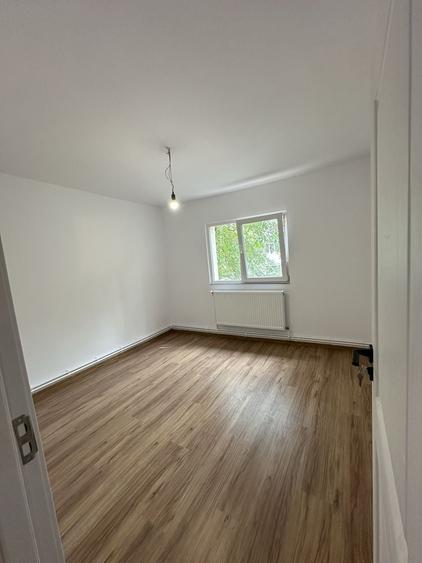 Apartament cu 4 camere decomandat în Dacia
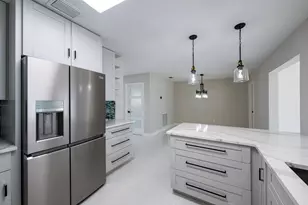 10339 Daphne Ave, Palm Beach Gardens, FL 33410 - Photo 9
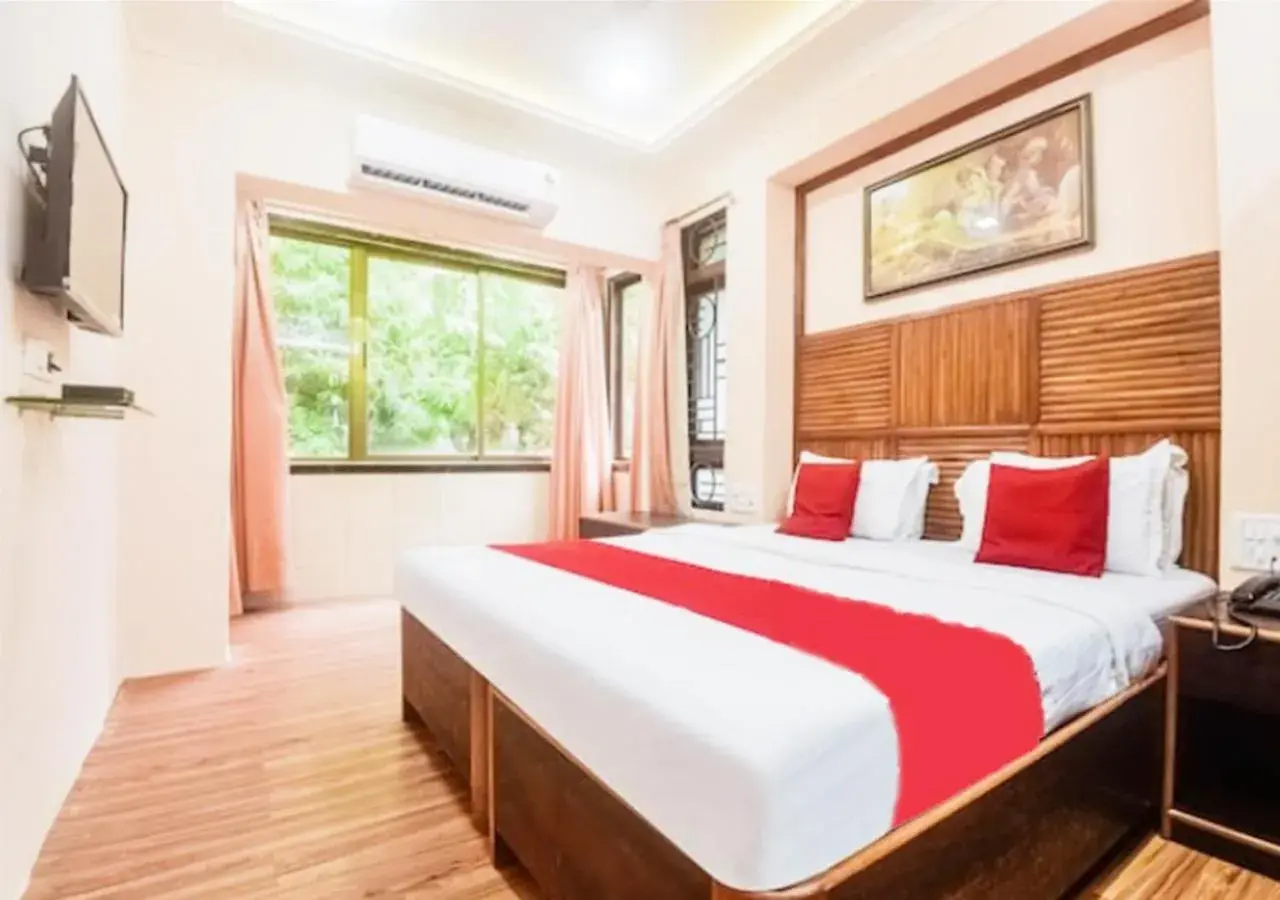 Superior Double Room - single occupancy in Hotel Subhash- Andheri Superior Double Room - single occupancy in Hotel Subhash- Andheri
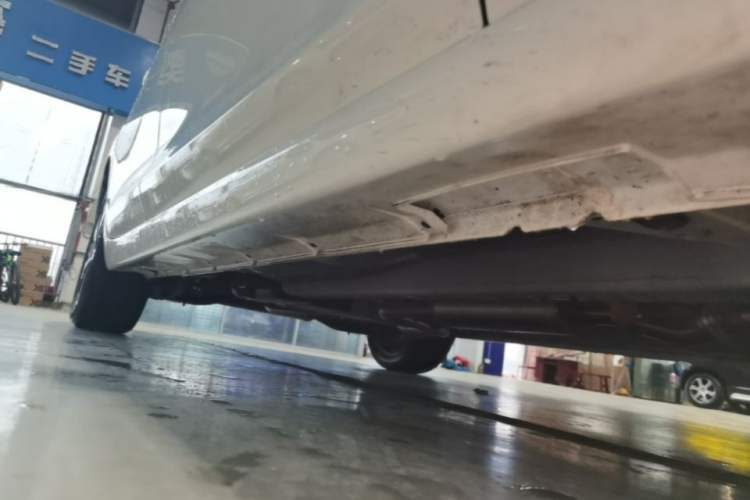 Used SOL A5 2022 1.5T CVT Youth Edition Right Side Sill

——

#### Work order
Write the full listing out again with every line unchanged, but include no pictures.

#### Solution to the problem
 Apartament cu 4 camere decomandat în Dacia
 10339 Daphne Ave, Palm Beach Gardens, FL 33410 - Photo 9
 Superior Double Room - single occupancy in Hotel Subhash- Andheri Superior Double Room - single occupancy in Hotel Subhash- Andheri
 Used SOL A5 2022 1.5T CVT Youth Edition Right Side Sill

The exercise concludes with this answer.